The first two rags, “Old Adam,” and “The Eternal Feminine,” were lighthearted and fun, depicting the innocence and curiosity of Adam and Eve. The third rag, “The Serpent’s Kiss,” was as sinister as the serpent himself. Featuring primarily dark harmonies and heavy rhythms, the piece was a dramatic shift away from the theme of innocence toward the traps that can arise from sin and temptation. This rag also featured extended techniques including foot stomping, percussive drumming on the lid of the piano and clicking of the tongue as a further pull away from the themes of Adam and Eve. The piece closed with “Through Eden’s Gates,” which was a return of the joyful and upbeat mood of the first two rags, depicting the birth of a new Garden of Eden.

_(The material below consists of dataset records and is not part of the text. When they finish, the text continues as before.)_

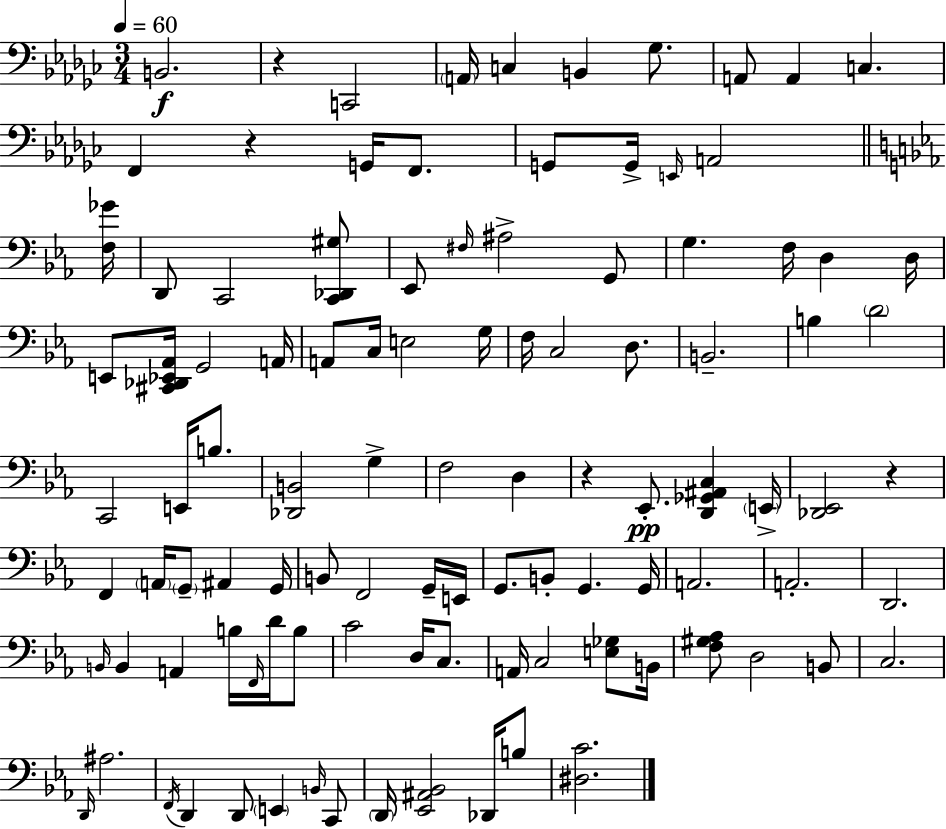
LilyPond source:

{
  \clef bass
  \numericTimeSignature
  \time 3/4
  \key ees \minor
  \tempo 4 = 60
  b,2.\f | r4 c,2 | \parenthesize a,16 c4 b,4 ges8. | a,8 a,4 c4. | \break f,4 r4 g,16 f,8. | g,8 g,16-> \grace { e,16 } a,2 | \bar "||" \break \key c \minor <f ges'>16 d,8 c,2 <c, des, gis>8 | ees,8 \grace { fis16 } ais2-> | g,8 g4. f16 d4 | d16 e,8 <cis, des, ees, aes,>16 g,2 | \break a,16 a,8 c16 e2 | g16 f16 c2 d8. | b,2.-- | b4 \parenthesize d'2 | \break c,2 e,16 b8. | <des, b,>2 g4-> | f2 d4 | r4 ees,8.-.\pp <d, ges, ais, c>4 | \break \parenthesize e,16-> <des, ees,>2 r4 | f,4 \parenthesize a,16 \parenthesize g,8-- ais,4 | g,16 b,8 f,2 | g,16-- e,16 g,8. b,8-. g,4. | \break g,16 a,2. | a,2.-. | d,2. | \grace { b,16 } b,4 a,4 b16 | \break \grace { f,16 } d'16 b8 c'2 | d16 c8. a,16 c2 | <e ges>8 b,16 <f gis aes>8 d2 | b,8 c2. | \break \grace { d,16 } ais2. | \acciaccatura { f,16 } d,4 d,8 | \parenthesize e,4 \grace { b,16 } c,8 \parenthesize d,16 <ees, ais, bes,>2 | des,16 b8 <dis c'>2. | \break \bar "|."
} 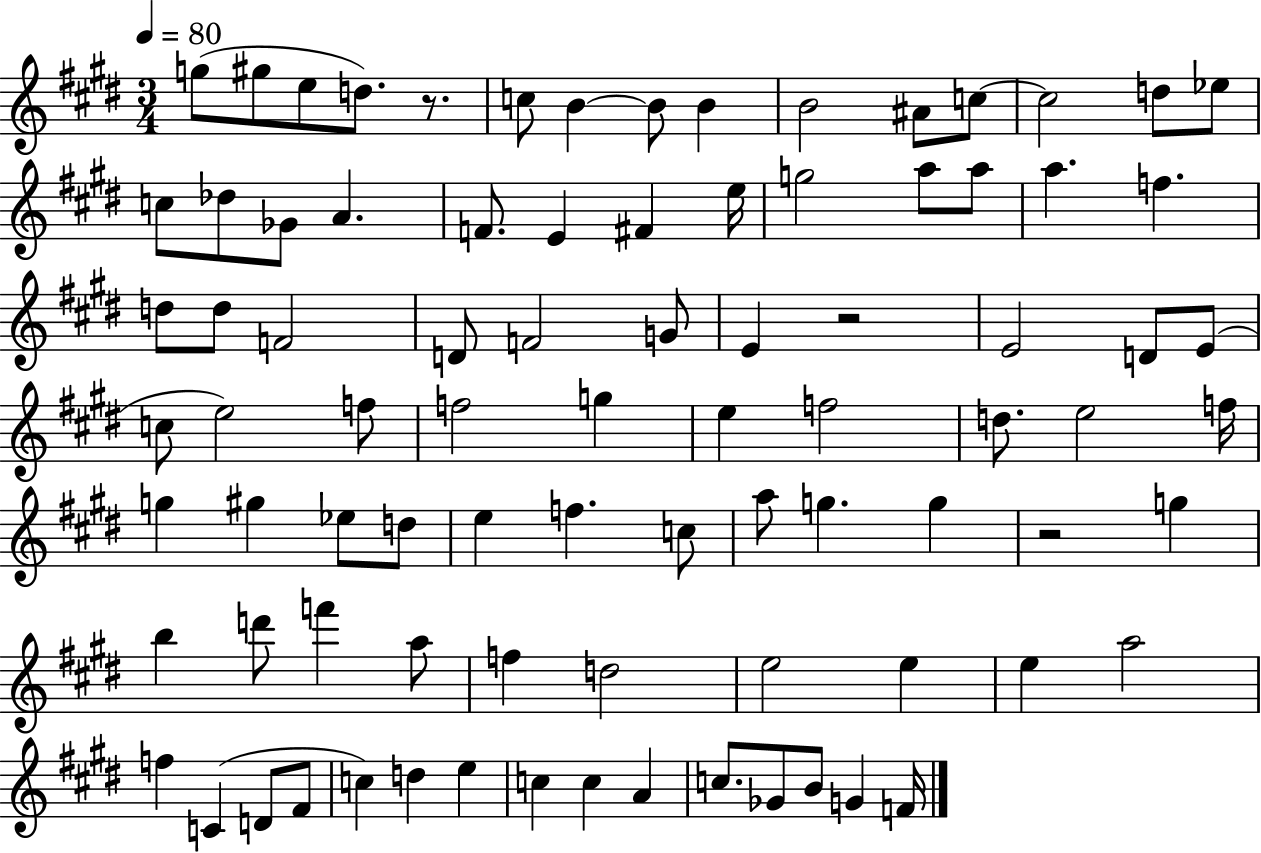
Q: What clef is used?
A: treble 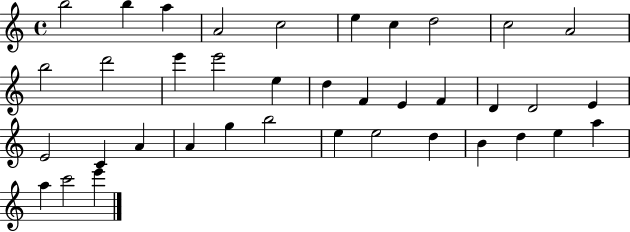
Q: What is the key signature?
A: C major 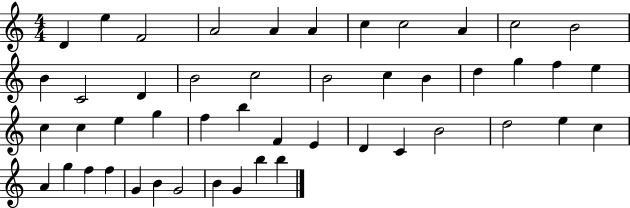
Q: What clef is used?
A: treble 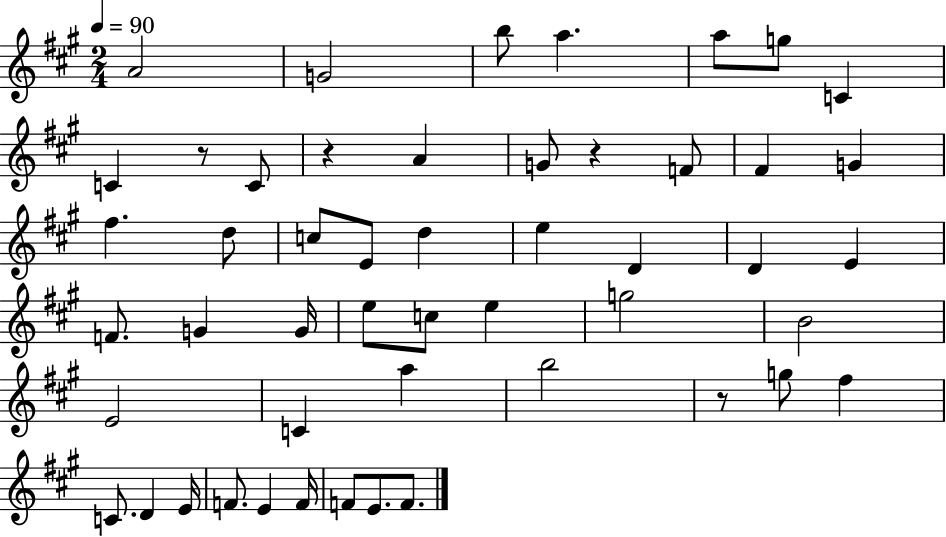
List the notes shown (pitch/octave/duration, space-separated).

A4/h G4/h B5/e A5/q. A5/e G5/e C4/q C4/q R/e C4/e R/q A4/q G4/e R/q F4/e F#4/q G4/q F#5/q. D5/e C5/e E4/e D5/q E5/q D4/q D4/q E4/q F4/e. G4/q G4/s E5/e C5/e E5/q G5/h B4/h E4/h C4/q A5/q B5/h R/e G5/e F#5/q C4/e. D4/q E4/s F4/e. E4/q F4/s F4/e E4/e. F4/e. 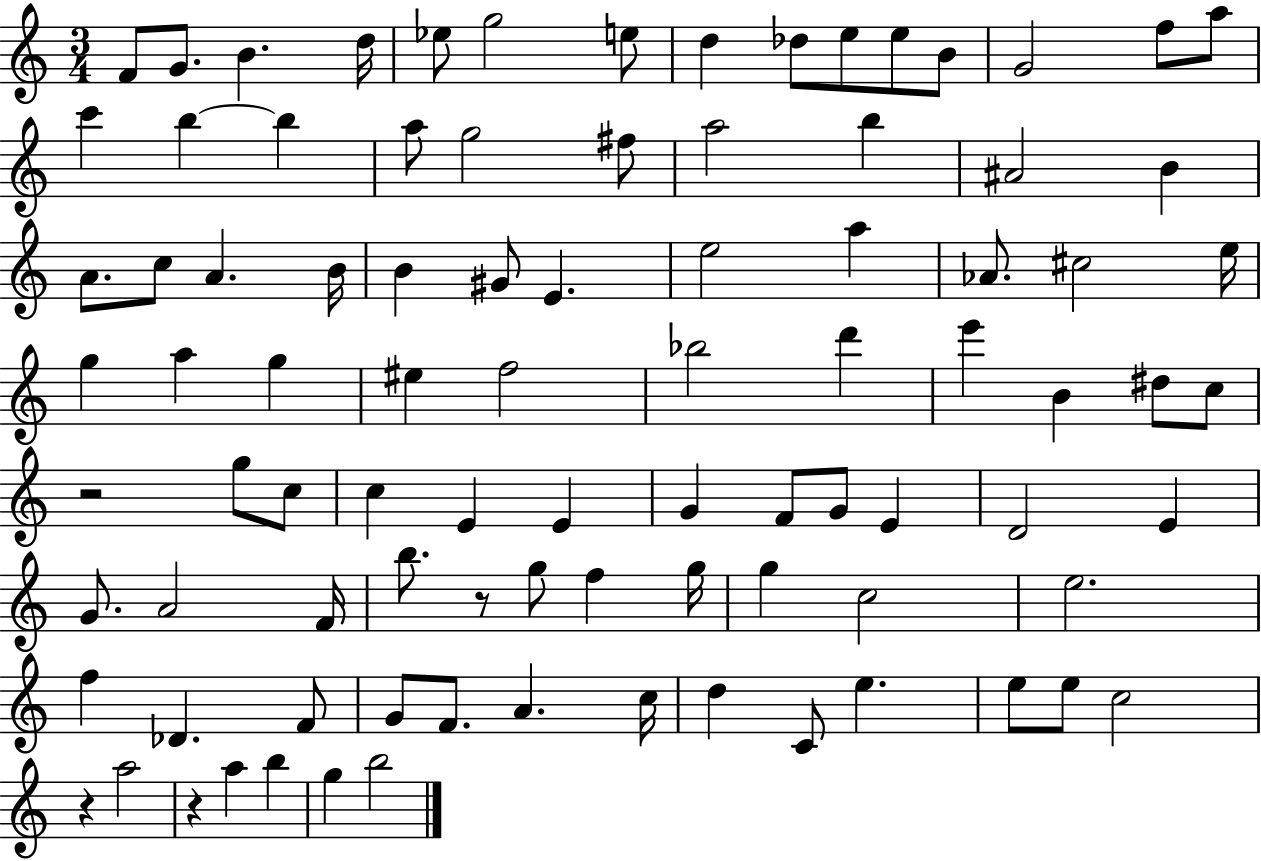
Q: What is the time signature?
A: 3/4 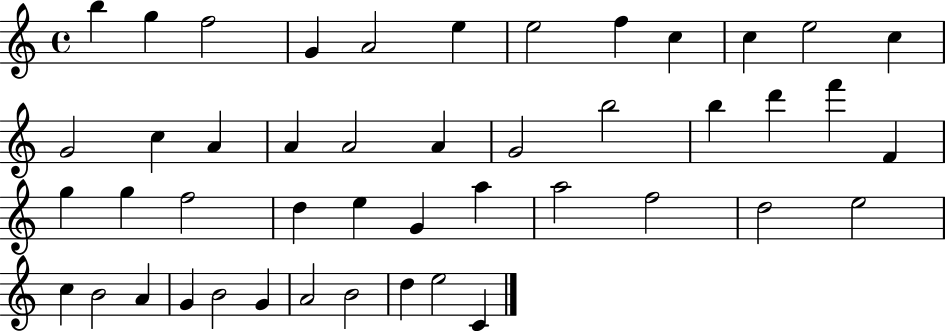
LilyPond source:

{
  \clef treble
  \time 4/4
  \defaultTimeSignature
  \key c \major
  b''4 g''4 f''2 | g'4 a'2 e''4 | e''2 f''4 c''4 | c''4 e''2 c''4 | \break g'2 c''4 a'4 | a'4 a'2 a'4 | g'2 b''2 | b''4 d'''4 f'''4 f'4 | \break g''4 g''4 f''2 | d''4 e''4 g'4 a''4 | a''2 f''2 | d''2 e''2 | \break c''4 b'2 a'4 | g'4 b'2 g'4 | a'2 b'2 | d''4 e''2 c'4 | \break \bar "|."
}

As a performer in the project, the experience coming out of a collaborative recital is unique and incomparable to much of the solo performance training that occurs as a classically training music student.

“[It] really helped us all grow as musicians because we got to play some two piano pieces that made us listen to each other and give feedback … It truly isn’t something you can go through alone,” fourth-semester music education major Brett Simms, said.  “It takes a lot of workshopping and listening to your co-musicians. Even backstage, we all got to stand together, waiting for each other to go on stage and give our encouragement to one another before our performances. It was a great bonding moment for the UConn piano studio.”